On the other hand, China's increasing demand and shrinking land and water resources are driving the outsourcing of agricultural production. As the Chinese Minister for Agriculture, Han Changfu, said already in 2010: „The time is ripe for the country's agricultural companies to embark on a go outward strategy“ (7). In the past few years Chinese Investors became very active actors in the global agribusiness, as concessionaires for large areas of land as well as taking over established companies in the agricultural and food sector of industrialised countries by merger and acquisition (M&E).

Different from the general perception, that the main target for Chinese 'land grabbing' is Africa, majority of concessions and investments were made in Southeast Asian countries like Laos and Cambodia, Indonesia and Philippines, often for industrial raw materials like rubber, cotton or wood. In Australia and New Zealand, Chinese investors take over huge farms, mainly for cattle ranching and milk production, supplying meat and milk products for mainland China. Now, Eurasia could well become the new 'promised land' for agricultural investors from China.

 

'Land grabbing'

Still, reliable information about Chinese investments into land and agriculture in the Far East, in Central Asia and Eastern Europe are sketchy. The database Landmatrix lists less than a handful of cases in Kazakhstan, Bulgaria and the Russian Federation. But reports about Memoranda of Understanding (MoU), intentions and negotiations are increasing:

  • China is reported to be acquiring land in the sparsely populated Russian Far East just across the border from heavily populated Northern China. Chinese companies are reported to have leased 1 million hectares of land through Russia. China's most ambitious investment in the sector is a land lease deal with Ukraine for 3 million hectares to produce grain and raise pigs. (8)

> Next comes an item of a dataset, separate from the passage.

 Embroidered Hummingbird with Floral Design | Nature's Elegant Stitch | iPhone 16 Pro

  • In 2010, Chinese companies were reported to have requested the lease of 1 million hectares from the Kazakh government to plant soybeans and wheat. The news led to widespread protests, following concerns, that China is grabbing the country's vast and sparsely populated land by bribing local officials. (9)

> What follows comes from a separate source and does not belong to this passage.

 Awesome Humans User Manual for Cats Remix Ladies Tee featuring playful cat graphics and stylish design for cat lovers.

  • Im December 2015, the official news agency Xinhua reported, that ten Chinese firms are close to reaching final investment deals with an agricultural cooperation zone in Kyrgyzstan. The new investors are agricultural enterprises from Beijing and the central provinces of Hubei and Henan. They plan to invest more that one billion yuan (155 million US dollars) in the zone, said Liu Junyong, deputy general manager of Henan Guiyou Industrial Group, operator of the zone. Guiyou purchased a troubled animal husbandry company in Kyrgyzstan in 2011, which has a 5.67 sq km factory area. Six companies from Henan have already invested 22 million US dollars in the cooperation zone. (10)

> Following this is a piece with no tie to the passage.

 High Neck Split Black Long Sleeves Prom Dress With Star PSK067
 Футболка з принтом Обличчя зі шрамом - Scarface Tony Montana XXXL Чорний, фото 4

  • Another Henan-based company, Jingyan Yinhai Seed Co. Ltd., invested 120 million yuan and set up an agricultural technology park on a large plot of rented land in Tajikistan, starting with a demonstration plot for corn, wheat and cotton. (11)

  • In Tajik context, two important land deals have caught the international media's attention as early as 2011: The authorities of the Xinjiang Uyghur Autonomous Region in West China have acquired a land concession of 2 thousand hectares, while not long before that, the Chinese (central) government concluded a deal with the Tajik government for the acquisition of 110 thousand hectares. However, controversy has arisen over both concessions. (12)

  • In November 2014 it was reported that China's Henan province will invest $800 million in the agricultural sector of Tajikistan according to the agreement signed in Beijing during a meeting between Tajikistan's President and the Governor of the Henan province. (13)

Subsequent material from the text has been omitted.